Like many recent college graduates, in his early 20s, Andrew Koerner threw a backpack over his shoulder and explored the world for six and a half months. His wife of 20 years, who is from the Dominican Republic, made a similar trip

Like many recent college graduates, in his early 20s, Andrew Koerner threw a backpack over his shoulder and explored the world for six and a half months. His wife of 20 years, who is from the Dominican Republic, made a similar trip. When they met, they knew travel would play a big role in their relationship. Together, they have turned a passion for traveling into a passion for educating and giving back.

In subsequent trips to the third world, the couple always brought gifts along with them — school supplies, kids' shoes and vitamins — for the communities they would visit. But as time went on, they began to get more organized in their giving — and more ambitious.

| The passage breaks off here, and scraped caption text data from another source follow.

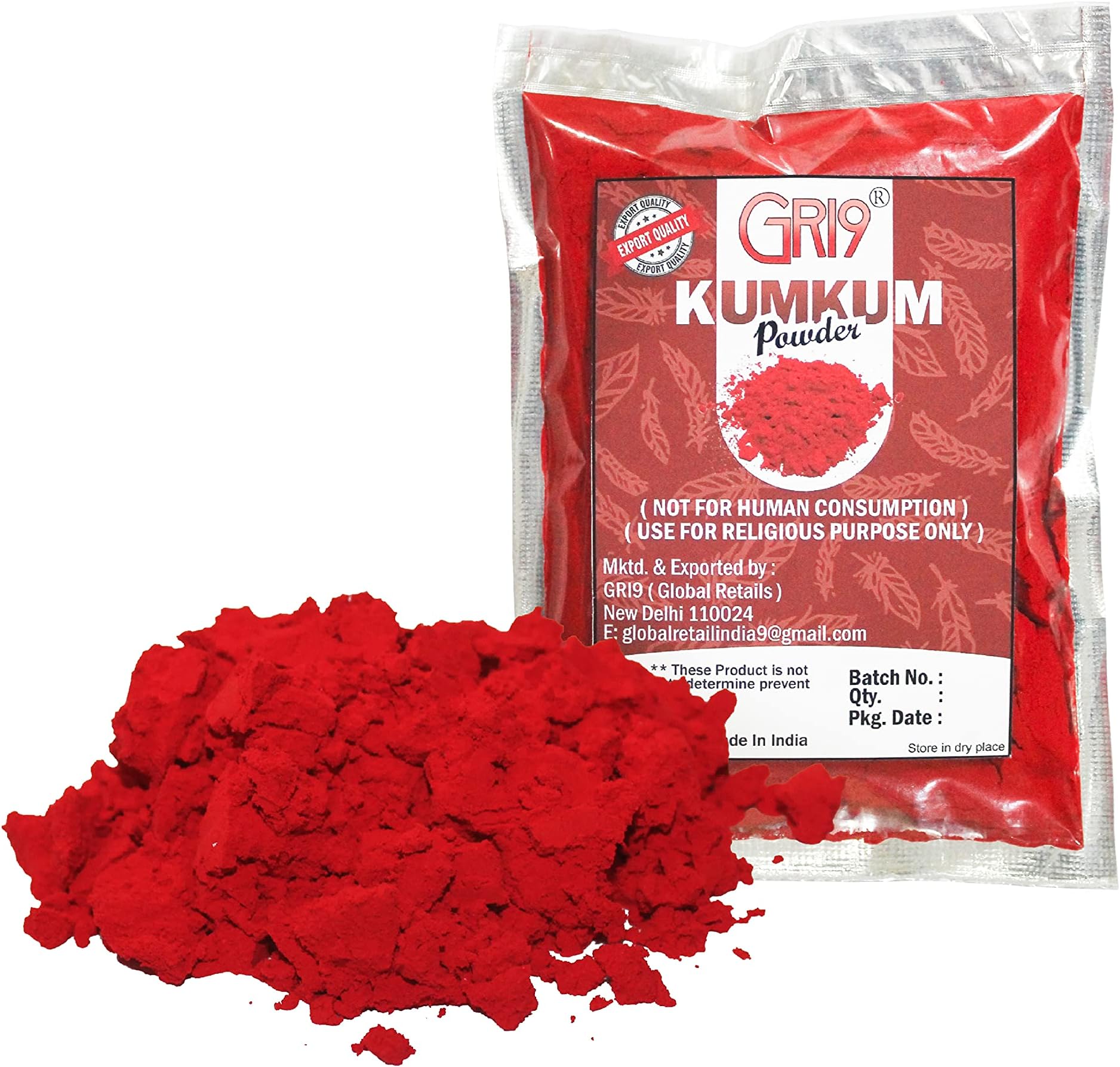 Indian Dark Red Pure Kumkum Powder (Sindoor, Kumkuma, Kum Kum) For Makeup, Pooja And Other Hindu Rituals (Dark Red, 2.12 Ounces)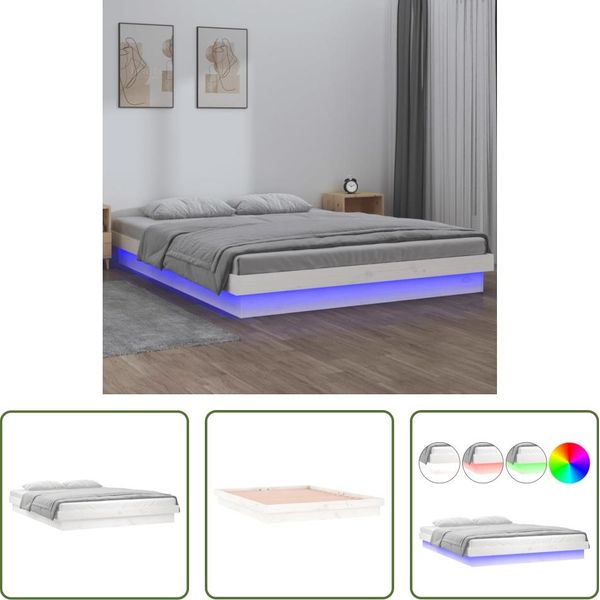 The Living Store Letto In Legno Massiccio Con Illuminazione A Led Bianco 140X200 Cm-image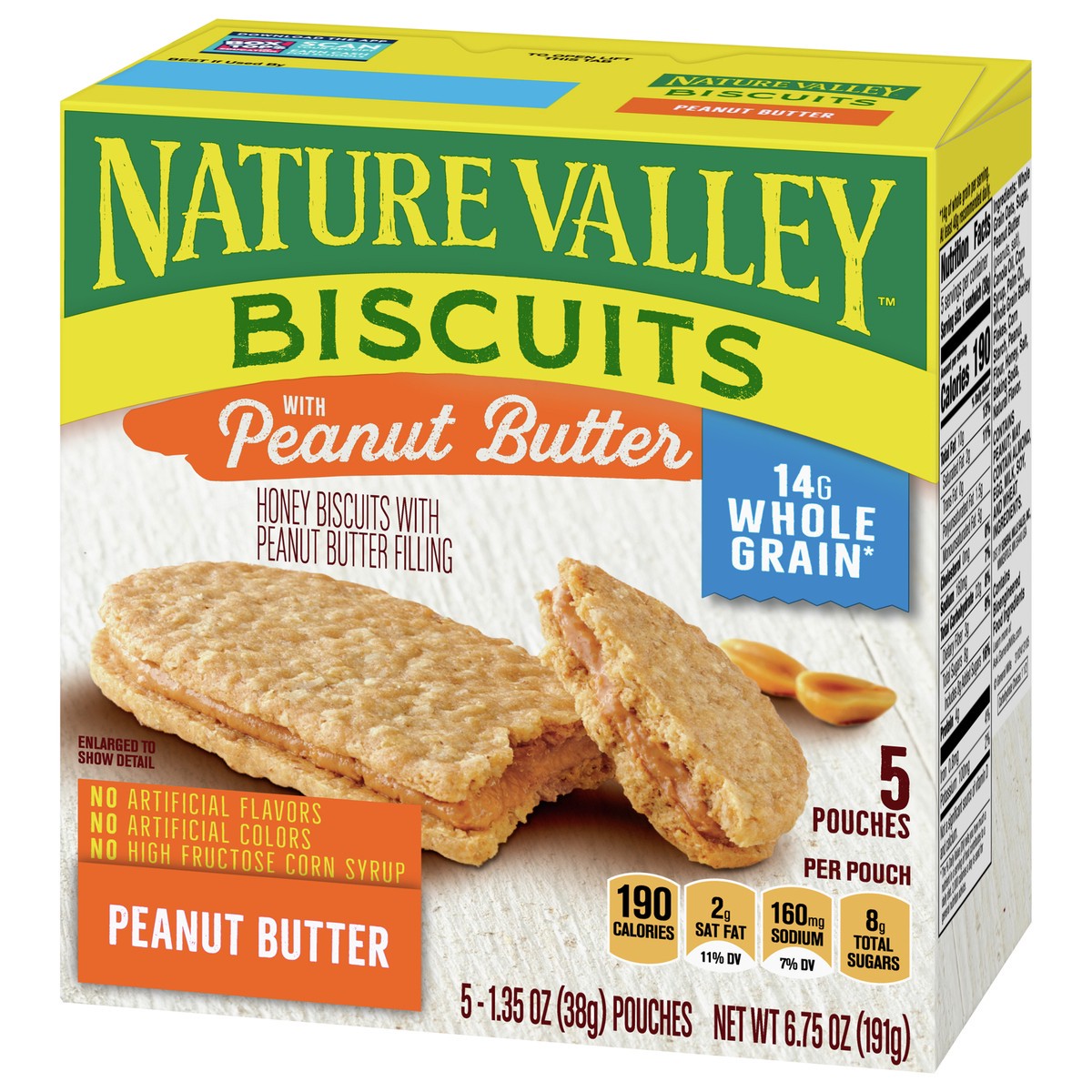 slide 8 of 9, Nature Valley Biscuit Sandwiches, Peanut Butter Snack, 5 ct, 6.75 OZ, 5 ct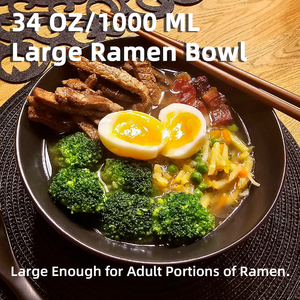 ชามราเม็งเซรามิกชุดชามก๋วยเตี๋ยว2ใบพร้อมตะเกียบและช้อนขนาด38ออนซ์ชามราเมงนุ่มสีดำ - Product Image 4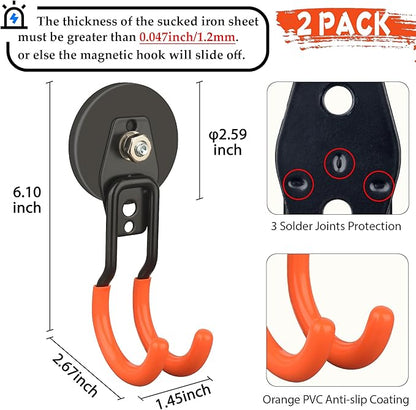 ULIBERMAGNET New Updated Garage Strong Magnetic Hooks, 2 Pack Heavy Duty Large J Hooks with Magnet, Anti-Slip Coating Magnet Hooks for Garden Tools, Ropes,Drill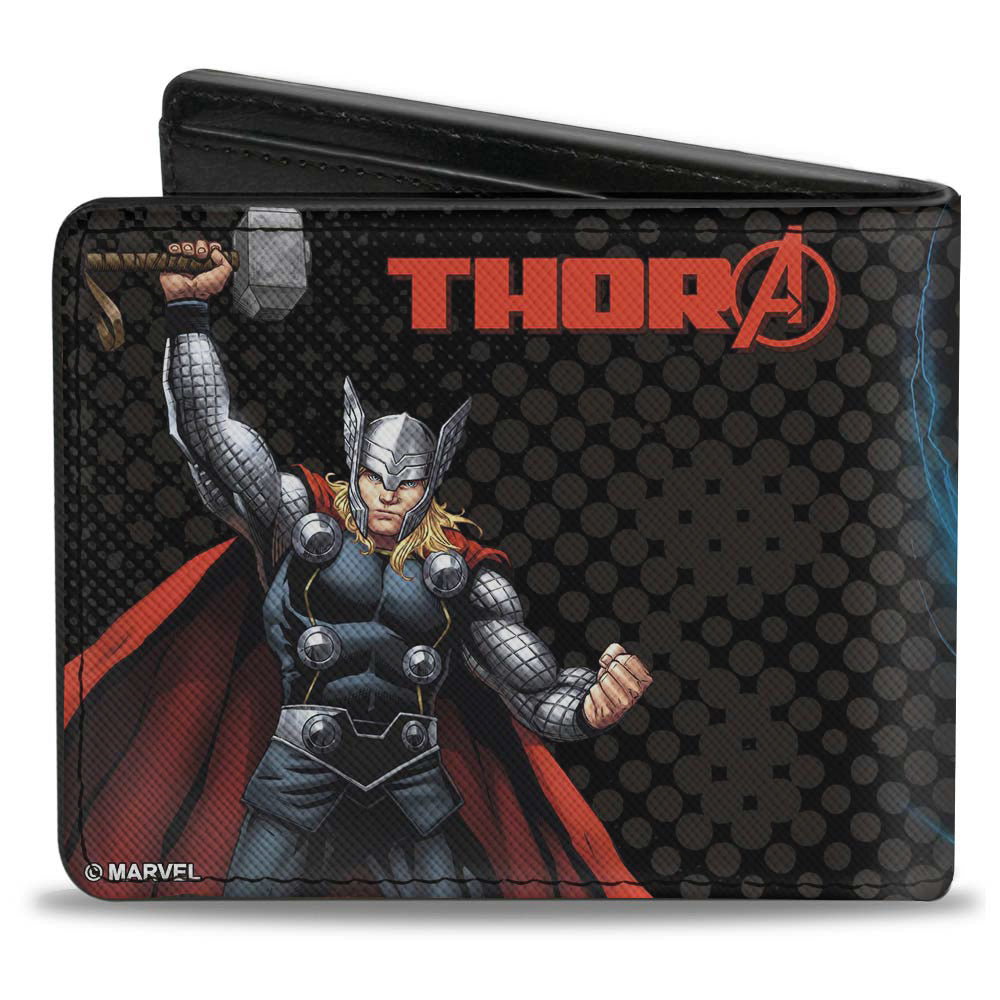 MARVEL AVENGERS Bi-Fold Wallet - Avengers Thor Action Poses THOR &quot;A&quot; Logo Black Red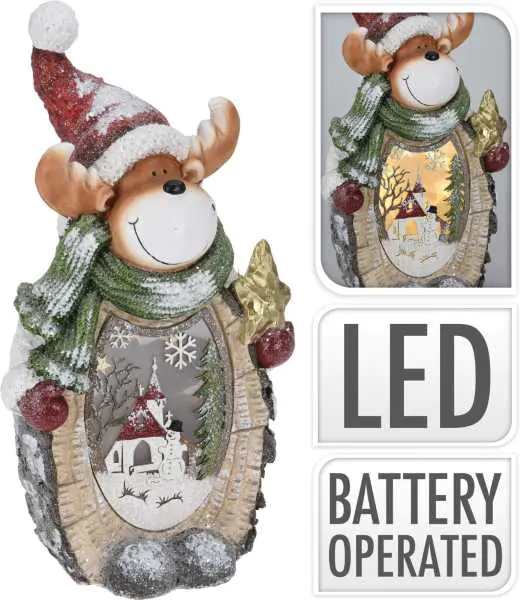 ⁨LED reindeer with picture glowing Christmas figurine 52 cm⁩ at Wasserman.eu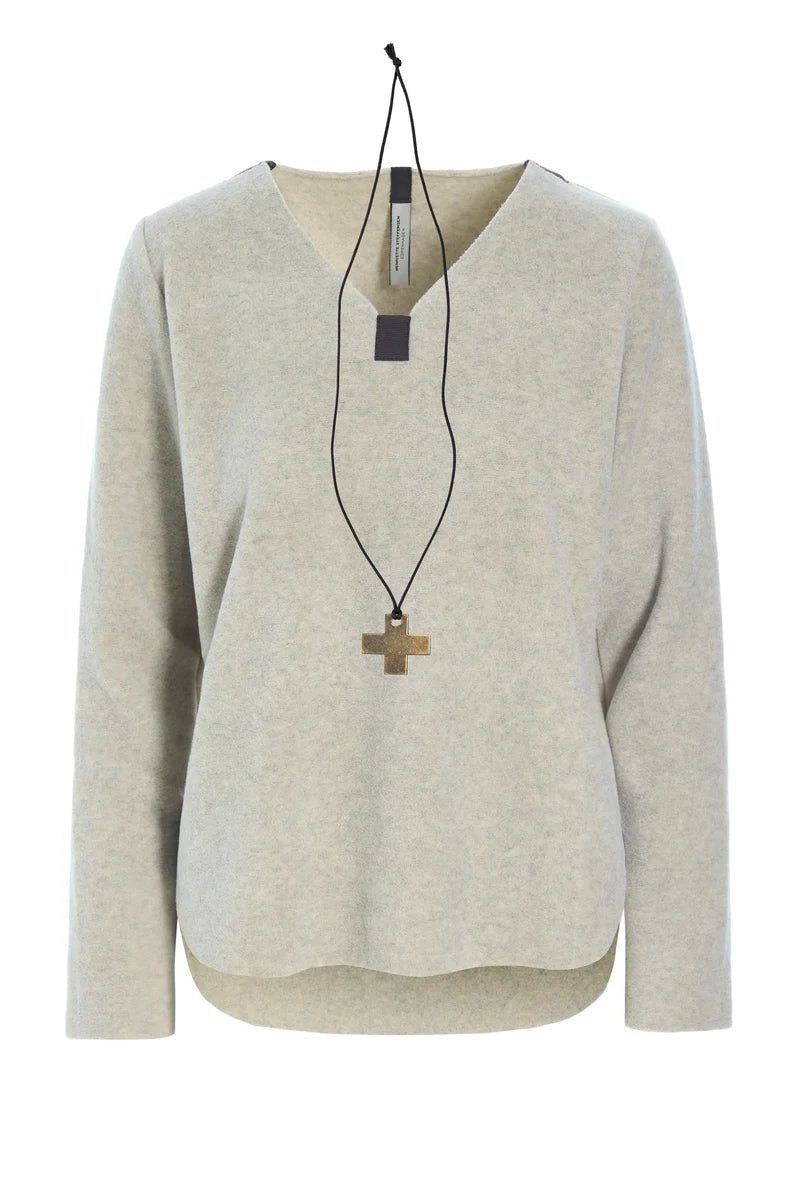 Henriette Steffensen Blouse & X Necklace - Blue Water Clothing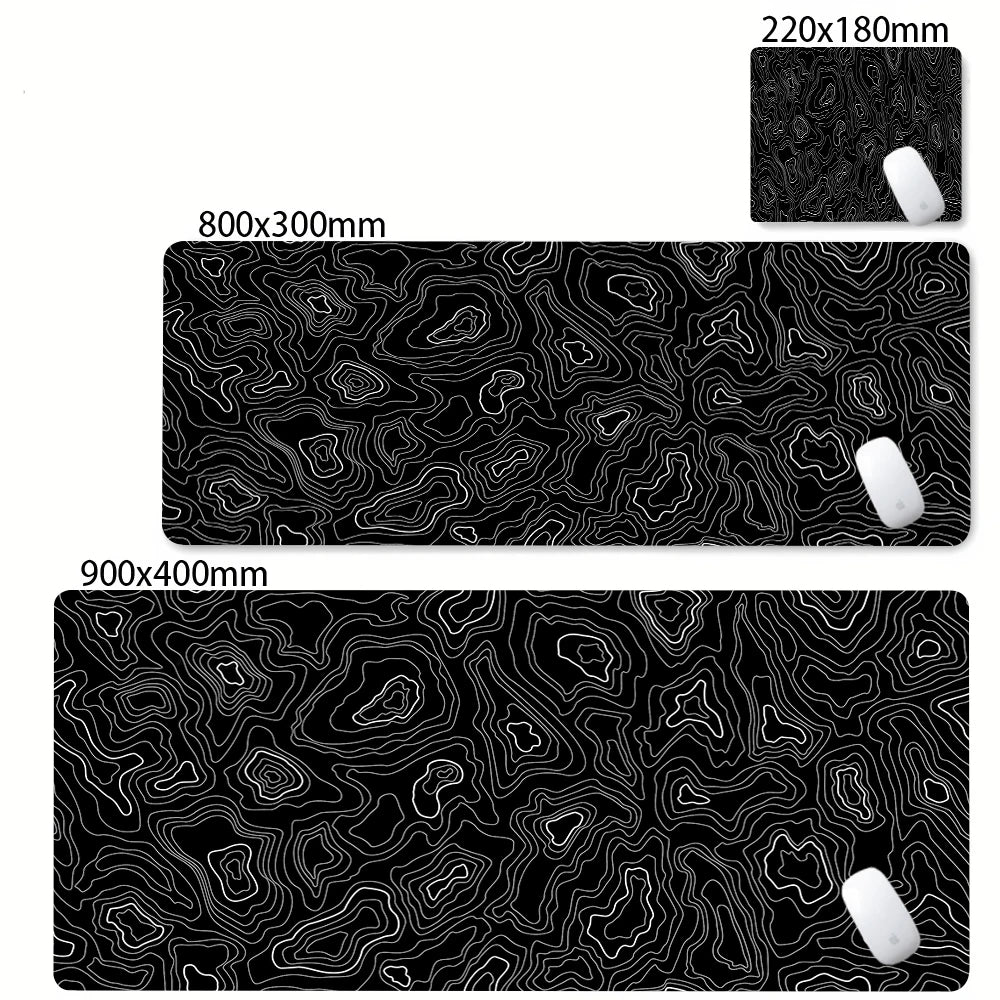 Abstract Black & White Strata Liquid XXL Extended Gaming Desk Mat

Having the opportunity and the wherewithal to do philanthropic projects the way he wanted to was part of what attracted Koerner to Wall Street in the first place, he says.

Eventually he and his wife helped several groups of Peruvian women in small towns outside of Arequipa set up sweater export businesses that earn them between $3 and $8 a day instead of the 4 cents a day they were making when they started out. Today, the Koerners are engaged in a much bigger project in the Dominican Republic, where, for over six years, they have been building a fully equipped school and working to get it accredited so that it can receive sponsorships. Koerner's hope is that this first school will be so successful that dozens of other school projects will follow. “This is the program we're really proud of,” he says. “It's straight education. It's the easiest for us to get to, where we can get the most hands-on and involved.”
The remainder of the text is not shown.